According to a regulatory filing Friday, Robinhood Financial (RHF), a wholly owned subsidiary of Robinhood Markets, and Robinhood Securities (RHS) are engaged in discussions with FINRA staff regarding a “possible negotiated resolution of certain FINRA matters.” The outages being probed occurred in March 2020 and prevented customers from placing trades. “RHF and RHS anticipate that any resolution, if reached, would involve charges of violations of FINRA rules, a fine, customer restitution, a censure, and a compliance consultant,” the company said.

Robinhood said it expects these investigations to cost it at least $26.6 million, according to the filing. “We cannot predict, however, whether these discussions will result in a resolution of these matters,” the company said.

In addition to FINRA, Robinhood is being scrutinized by the Securities and Exchange Commission and state regulatory authorities over similar matters. The staff of these regulatory bodies are reviewing, among other things, how RHF “displays cash and buying power to customers and its options trading approval processes,” the filing states. RHF said it’s cooperating with these requests.

Robinhood is the target of further investigations related to its controversial move to limit the trading of certain stocks during the GameStop surge earlier this year. The company described the choice as a “risk-management decision.”

The inherent riskiness of the platform itself has also landed Robinhood in hot water. As an app that allows inexperienced investors to buy and sell shares, Robinhood is the target of criticism that users are taking financial risks they don’t fully understand.
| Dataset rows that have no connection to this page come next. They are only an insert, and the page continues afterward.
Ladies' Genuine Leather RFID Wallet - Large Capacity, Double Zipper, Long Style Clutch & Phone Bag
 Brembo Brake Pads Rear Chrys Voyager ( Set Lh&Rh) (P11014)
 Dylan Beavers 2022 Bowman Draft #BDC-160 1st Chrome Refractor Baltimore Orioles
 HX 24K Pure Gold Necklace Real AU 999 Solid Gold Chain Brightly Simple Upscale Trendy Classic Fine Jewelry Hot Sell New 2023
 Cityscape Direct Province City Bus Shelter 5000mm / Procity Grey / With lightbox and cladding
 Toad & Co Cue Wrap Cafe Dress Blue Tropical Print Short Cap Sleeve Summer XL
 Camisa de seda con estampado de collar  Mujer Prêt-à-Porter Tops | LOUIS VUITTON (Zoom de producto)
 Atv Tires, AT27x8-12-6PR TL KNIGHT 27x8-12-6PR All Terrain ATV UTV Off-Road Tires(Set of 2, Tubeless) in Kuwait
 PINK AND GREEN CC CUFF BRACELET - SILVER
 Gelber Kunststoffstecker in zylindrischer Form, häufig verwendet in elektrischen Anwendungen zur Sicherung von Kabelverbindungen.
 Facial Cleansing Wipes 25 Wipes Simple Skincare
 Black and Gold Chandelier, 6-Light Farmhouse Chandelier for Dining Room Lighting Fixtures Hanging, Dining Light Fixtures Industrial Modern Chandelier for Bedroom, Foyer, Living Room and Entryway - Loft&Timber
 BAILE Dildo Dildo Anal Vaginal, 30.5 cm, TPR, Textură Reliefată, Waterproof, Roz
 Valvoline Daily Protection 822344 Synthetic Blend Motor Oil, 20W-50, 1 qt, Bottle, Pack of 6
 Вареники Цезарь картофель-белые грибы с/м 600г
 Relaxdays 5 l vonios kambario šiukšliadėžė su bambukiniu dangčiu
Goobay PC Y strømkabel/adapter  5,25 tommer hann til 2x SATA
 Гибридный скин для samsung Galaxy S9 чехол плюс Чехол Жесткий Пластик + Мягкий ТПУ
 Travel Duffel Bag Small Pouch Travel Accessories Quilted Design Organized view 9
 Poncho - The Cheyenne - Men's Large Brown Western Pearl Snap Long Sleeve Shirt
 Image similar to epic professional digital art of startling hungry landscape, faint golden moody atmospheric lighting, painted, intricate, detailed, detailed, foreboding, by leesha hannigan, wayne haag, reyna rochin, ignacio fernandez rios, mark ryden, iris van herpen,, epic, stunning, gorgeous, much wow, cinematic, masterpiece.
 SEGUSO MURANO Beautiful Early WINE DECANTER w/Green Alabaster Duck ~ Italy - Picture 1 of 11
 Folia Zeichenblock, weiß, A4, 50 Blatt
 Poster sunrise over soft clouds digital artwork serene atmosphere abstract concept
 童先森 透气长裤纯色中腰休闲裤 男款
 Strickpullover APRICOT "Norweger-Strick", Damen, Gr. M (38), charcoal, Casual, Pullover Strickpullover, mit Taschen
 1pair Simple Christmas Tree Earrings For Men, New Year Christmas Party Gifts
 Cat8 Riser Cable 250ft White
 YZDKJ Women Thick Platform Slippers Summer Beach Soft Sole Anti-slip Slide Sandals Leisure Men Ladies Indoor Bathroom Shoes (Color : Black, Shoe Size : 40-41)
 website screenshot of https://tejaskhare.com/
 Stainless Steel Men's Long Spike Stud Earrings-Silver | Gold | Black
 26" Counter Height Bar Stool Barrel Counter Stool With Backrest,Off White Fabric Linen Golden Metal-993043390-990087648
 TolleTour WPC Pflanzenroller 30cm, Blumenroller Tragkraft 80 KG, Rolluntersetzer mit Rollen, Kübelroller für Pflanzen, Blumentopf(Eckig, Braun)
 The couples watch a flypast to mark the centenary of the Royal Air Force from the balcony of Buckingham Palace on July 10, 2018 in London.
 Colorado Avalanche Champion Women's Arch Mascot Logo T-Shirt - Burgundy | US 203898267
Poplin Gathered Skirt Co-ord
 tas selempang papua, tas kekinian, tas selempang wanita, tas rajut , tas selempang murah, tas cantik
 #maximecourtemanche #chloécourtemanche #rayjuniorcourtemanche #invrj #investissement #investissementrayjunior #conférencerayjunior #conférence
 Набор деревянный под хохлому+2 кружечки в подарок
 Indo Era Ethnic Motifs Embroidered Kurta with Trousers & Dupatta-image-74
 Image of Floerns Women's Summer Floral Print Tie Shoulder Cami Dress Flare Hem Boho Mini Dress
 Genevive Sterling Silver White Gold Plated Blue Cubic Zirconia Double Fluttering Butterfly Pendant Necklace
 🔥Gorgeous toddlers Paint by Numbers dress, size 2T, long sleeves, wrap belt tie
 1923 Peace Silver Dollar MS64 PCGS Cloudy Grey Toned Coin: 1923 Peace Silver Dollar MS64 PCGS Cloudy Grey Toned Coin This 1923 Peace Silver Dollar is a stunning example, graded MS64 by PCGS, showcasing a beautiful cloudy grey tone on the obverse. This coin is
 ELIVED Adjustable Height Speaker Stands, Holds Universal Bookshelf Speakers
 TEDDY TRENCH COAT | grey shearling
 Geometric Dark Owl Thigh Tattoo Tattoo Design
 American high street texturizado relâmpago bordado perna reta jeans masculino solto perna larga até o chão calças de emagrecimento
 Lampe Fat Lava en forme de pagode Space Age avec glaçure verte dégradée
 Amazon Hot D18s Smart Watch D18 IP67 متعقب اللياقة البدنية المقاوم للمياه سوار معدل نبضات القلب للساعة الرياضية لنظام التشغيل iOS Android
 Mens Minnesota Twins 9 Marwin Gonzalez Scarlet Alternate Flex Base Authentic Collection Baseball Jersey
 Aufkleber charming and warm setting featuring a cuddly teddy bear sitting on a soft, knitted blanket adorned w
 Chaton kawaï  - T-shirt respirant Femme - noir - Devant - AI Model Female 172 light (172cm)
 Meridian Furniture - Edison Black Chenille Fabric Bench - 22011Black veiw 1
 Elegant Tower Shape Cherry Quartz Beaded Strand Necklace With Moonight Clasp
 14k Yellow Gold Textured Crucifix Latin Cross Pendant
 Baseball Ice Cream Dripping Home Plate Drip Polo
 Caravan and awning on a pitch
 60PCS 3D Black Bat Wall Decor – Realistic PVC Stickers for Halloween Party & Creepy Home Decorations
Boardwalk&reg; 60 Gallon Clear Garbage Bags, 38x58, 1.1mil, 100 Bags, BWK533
One particular lawsuit, filed by the family of Alexander Kearns—a Robinhood customer who took his own life after believing he had incurred significant options-trading losses—asserts claims for “wrongful death, negligent infliction of emotional distress, and unfair business practices under California statute, and seeks damages and other relief,” according to the company’s filing.

In December 2020, RHF agreed to a $65 million settlement with the SEC for misleading customers over how it makes money and for failing to secure the best sale prices.